Polonya Ukrayna'yı yutacak mı: "IV. Rzeczpospolita" projesi ne kadar gerçekçi?
"Polonya, Amerikalılar için en iyi alternatif. Polonyalıların Rus düşmanı oldukları kadar Alman düşmanı olmaları da ABD'nin işine geliyor."
Çevirmenin notu: Varşova, Ukrayna’nın batı topraklarına [ya da tarihsel adıyla Galiçya bölgesine] talip. Bunu ilk dile getiren Moskova olmuştu ve ilk etapta ciddiye alınmamıştı. Fakat hem kamuoyu önünde hem de “kapalı kapılar ardında” bu konunun ciddi biçimde tartışıldığı ve parçalanmakta olan Ukrayna’nın akıbetine dair fikirlerin müzakere edildiği fark ediliyor. Moskovskiy Komsomolets gazetesi muhabiri Marina Perevozkina, Kaliningrad merkezli Rubaltic.ru portalının yayın yönetmeni Aleksandr Nosoviç ile söyleşmiş; Nosoviç, Moskova’nın hiçbir zaman sindiremediği Batı Ukrayna’nın Polonya’ya ilhak edilmesiyle Rusya’nın herhangi bir sorunu olmadığı değerlendirmesini yapıyor. Nosoviç, ayrıca ABD’nin Almanya’nın lokomotifi olduğu Avrupa’nın bağımsız politikalar izlemesine karşı Polonya’yı yeni dönemde bölgesel bir güç haline getirmeye çalıştığını ifade ediyor.
Polonya Ukrayna’yı yutacak mı: “IV. Rzeczpospolita” projesi ne kadar gerçekçi?
Marina Perevozkina — Moskovskiy Komsomolets
8 Nisan 2023
“Polonya’nın emelleri Batı Ukrayna ile sınırlı değil.”
Kiev rejiminin başı Zelenskiy, bu hafta Varşova’ya yaptığı ziyarette Polonya ile Ukrayna’yı tek bir devlet olarak birleştirme planlarını açıkladı. Gelecekte aralarında siyasi, iktisadi ve tarihsel hiçbir sınırın kalmayacağını söyledi. Bu tür açıklamalar ilk kez yapılmıyor: Polonya Cumhurbaşkanı Andrzej Duda, 2022’e iki ülke arasında sınır kalmayacağını belirtmişti ve Slovak analist Dalibor Rohac da Ukrayna ve Polonya’nın yakın zamanda bir konfederasyon halinde birleşmesinden söz ediyor.

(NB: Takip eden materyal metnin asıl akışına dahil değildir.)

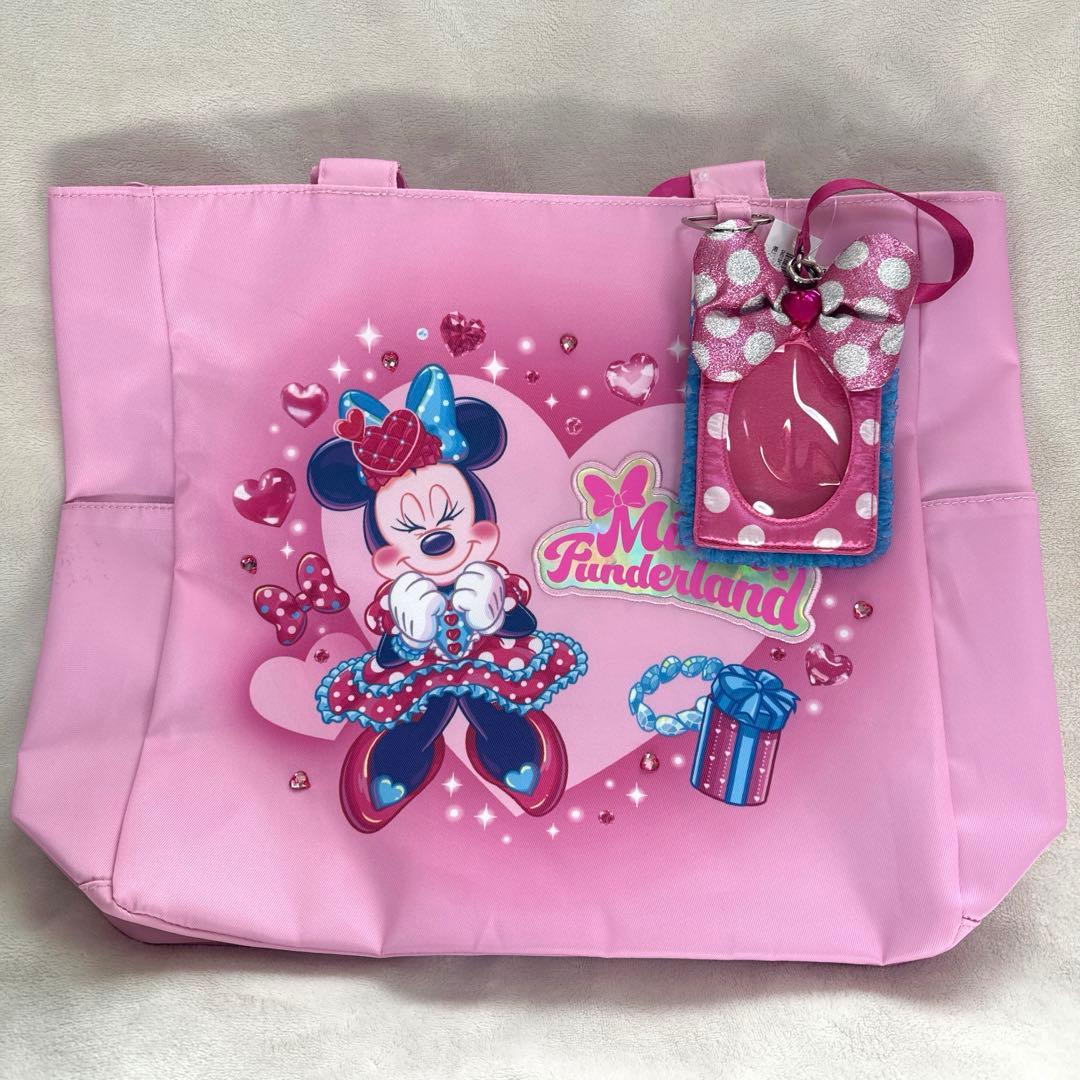 パルパルーザ　トートバッグ　カードホルダー　新品タグ付　ミニー　リボン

Rusya, Polonya’nın eylemleri için biraz daha farklı bir algoritma öngördü. 2022’nin kasım ayında Rus Dış İstihbarat Servisi Başkanı Sergey Narışkin, Varşova’nın Kiev’e yaptığı yardımların karşılığı olarak Batı Ukrayna’nın neredeyse tamamını ilhak edeceğini açıklamıştı. Bu senaryoda Polonya’nın ödülü Lvov, İvano-Frankovsk ve Ternopol oblastlarının büyük kısmı olabilir. Bazı analistlere göre Romanya ve Macaristan gibi diğer ülkeler de “Ukrayna pastasından” pay isteyebilir. Ukrayna parlamentosunun geçen yıl Polonyalılar ve Ukraynalıların haklarını eşitleyen bir yasayı kabul ettiğini de hatırlatmakta yarar var. Benzer bir yasa daha önce Polonya’da da kabul edilmişti.

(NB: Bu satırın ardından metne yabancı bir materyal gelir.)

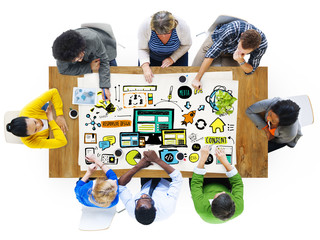 Sticker - Diversity People Responsive Design Media Teamwork Brainstorming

Puşkin’in Onegin’i, miras umuduyla ölümcül bir hastanın başucunda koşuşturan akrabaların “alçak kurnazlığını” zekice anlatır. Bugün Ukrayna kendisini şaka yollu hastalanmamış böyle bir “amca” rolünde buluyor. Miras büyük bir şey değil; bir kısmı çarçur edildi, bir kısmı ipotek edildi. Ama geriye bir şeyler kaldı. Asıl önemli olan Avrupa standartlarına göre geniş topraklar, verimli araziler, humuslu toprak. İşgal sırasında Alman faşistlerinin periyodik olarak Almanya’ya götürdüğü çernozyom. Aslında biriktirilecek bir şey var. Şaşırtıcı olmayan bir şekilde, akbabalar ve çakallar yarı canlı Ukrayna’nın etrafında dolaşıyor ve hepsi birer ısırık kapmayı bekliyor. Elbette ki “Avrupa’nın sırtlanı” Polonya da bundan azade değil.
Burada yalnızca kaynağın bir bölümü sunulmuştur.